At least 80% of patients with DC will experience BMF. Allogeneic HSCT is done to treat this, which puts patients at risk for both acute (< 100 days since transplant) and chronic (> 100 days) GVHD [18, 19]. GVHD is the clinical manifestation of donor T-cells attacking recipient tissue, and ocular manifestations are common [19]. Approximately 40% of individuals who undergo HSCT will experience acute GVHD, and 30% will experience chronic GVHD [20, 21]. Of patients who undergo allogeneic HSCT, 40–60% will have ocular involvement (without GVHD), and 60–90% with acute or chronic GVHD will have ocular manifestations [22]. Ocular GVHD can present as dry eye (most common), keratoconjunctivitis, corneal ulceration, peripheral corneal melting, corneal vascularization, and acquisition of ocular allergy from the donor [19, 22, 23]. Using the mentioned percentages, the lifetime probability of a patient with DC having acute GVHD is 19–29%, and the probability of chronic GVHD with ocular manifestations is 14–22%.

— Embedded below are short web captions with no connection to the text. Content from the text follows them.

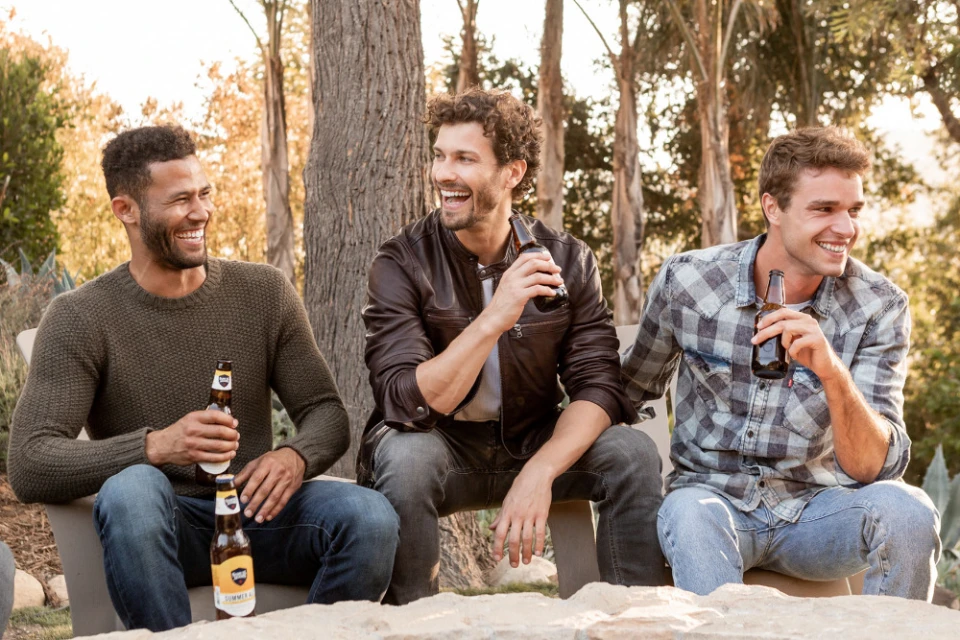 Three adult males sitting outdoors, holding beer bottles, smiling in natural light. Casual wear, friendship, leisure, relaxation.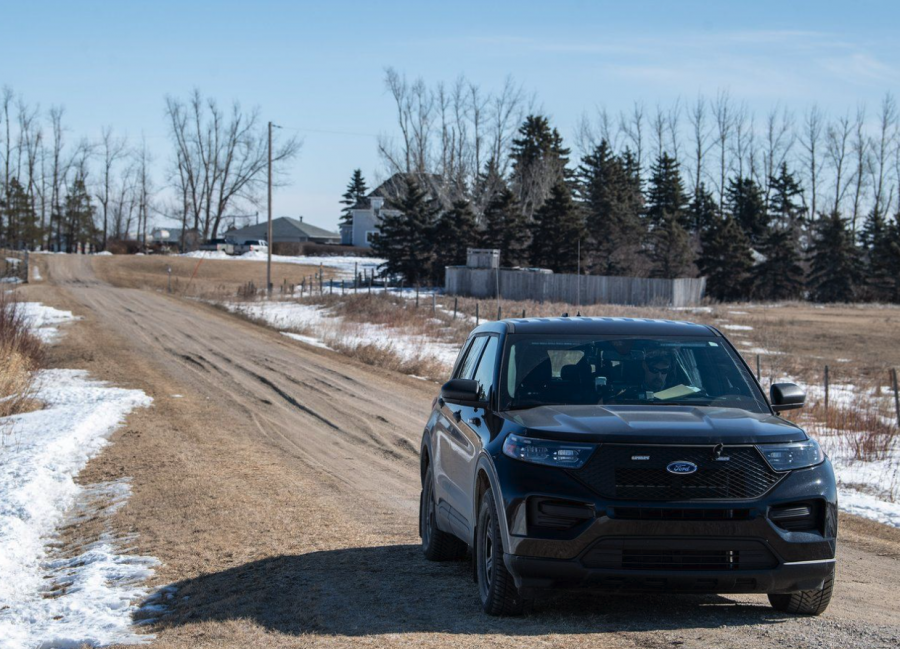 <who> Photo credit: Canadian Press </who> Black unmarked RCMP vehicles could be seen blocking roads leading to a Saskatchewan farm property as officers continued to investigate the suspicious deaths of four people.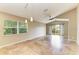 Open living area with tile flooring, a ceiling fan, pendant lights, and a sliding glass door at 7885 Bristol Park Dr, Apollo Beach, FL 33572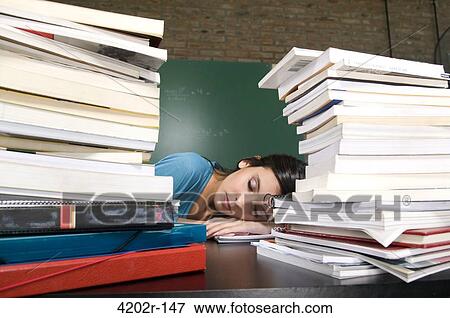 Female student sleeping in a classroom View Large Photo Image Stock Photo - Female student sleeping in a classroom. Fotosearch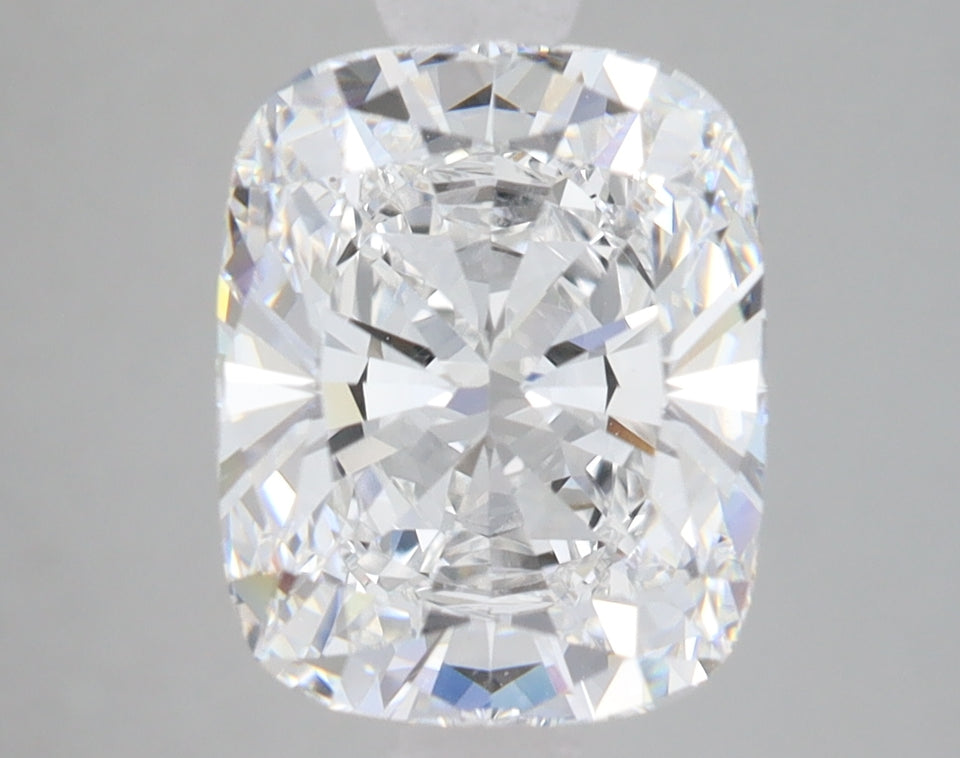 Cushion cut loose diamond with clear faceting and light refraction on gray background.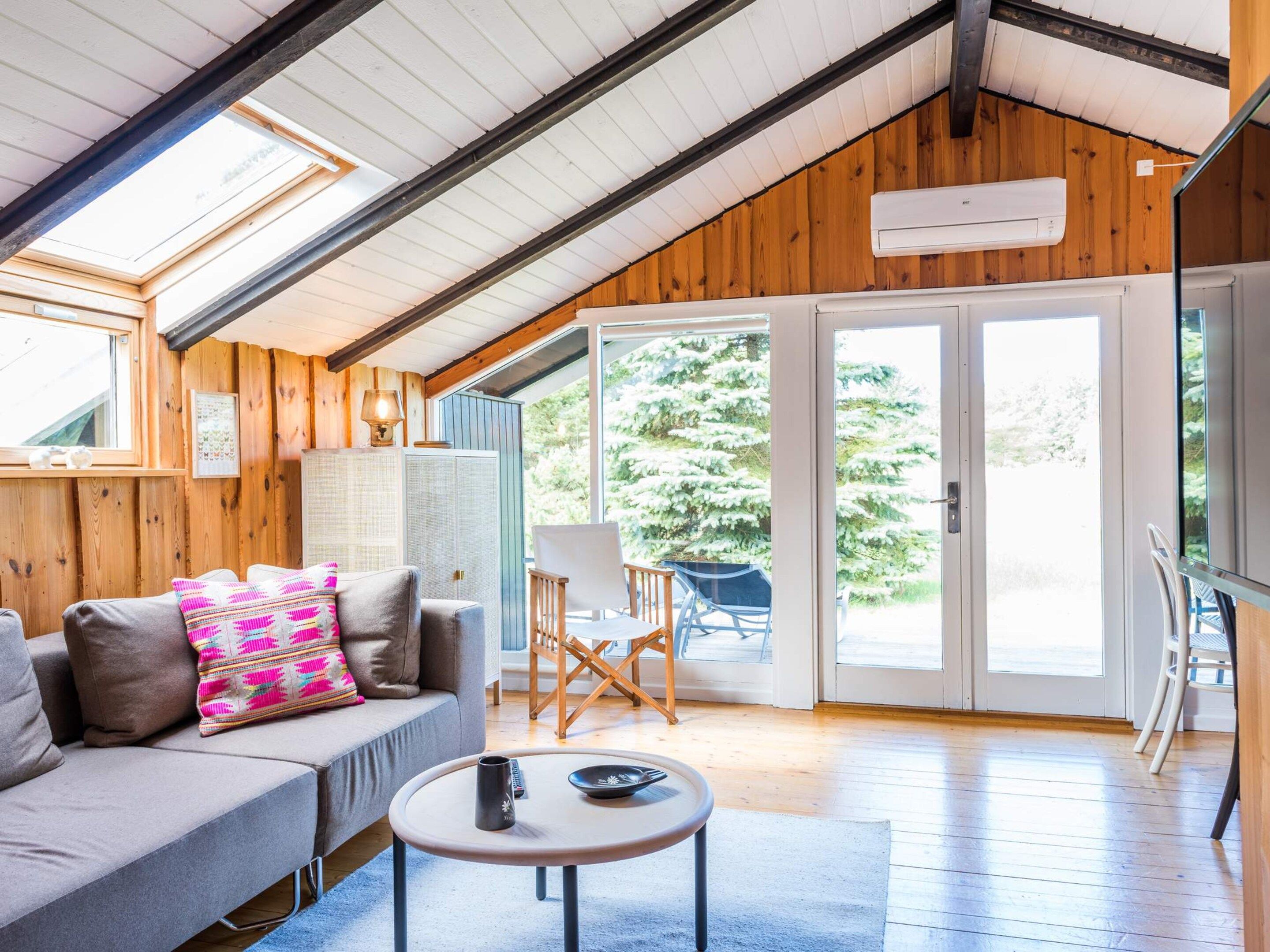 Ein gemütliches Zimmer mit schrägen Wänden, Holzwänden, einer Couch mit bunten Kissen, einem kleinen runden Tisch und Blick auf eine verschneite Landschaft durch eine Glastür.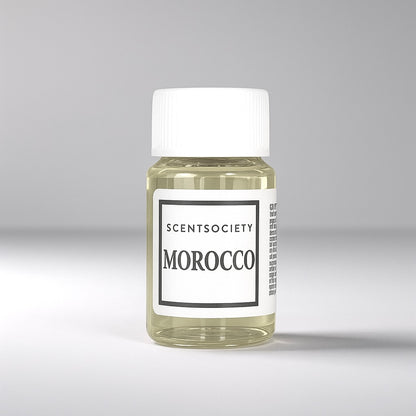 20ml bottle of Scent Society labeled 'MOROCCO' diffuser oil on a neutral background. Clear plastic bottle with white cap and minimalist black-and-white label, filled with fragrance oil. Aromatherapy oil for use in cold air diffusers.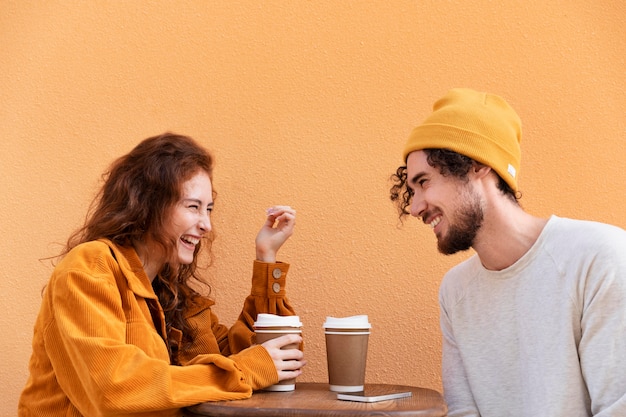 Medium shot man and woman with coffee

In summary, DC represents a range of mucocutaneous manifestations of BMF secondary to premature telomere shortening. Figure 4 outlines the main clinical manifestations and clinical course in patients with DC.

While some patients with DC may not have prominent ocular findings, others will present primarily with eye complaints. Regardless of patient phenotype, the significant likelihood of a DC patient having bone marrow failure and needing hematopoietic stem cell transplant puts these patients at substantial risk for acute and chronic GVHD with or without ocular complications. When considering the impact of limbal stem cell deficiency on healing, in conjunction with allogeneic transplant complications, we do not recommend elective corneal refractive surgery such as LASIK, PRK, or SMILE in patients with DC.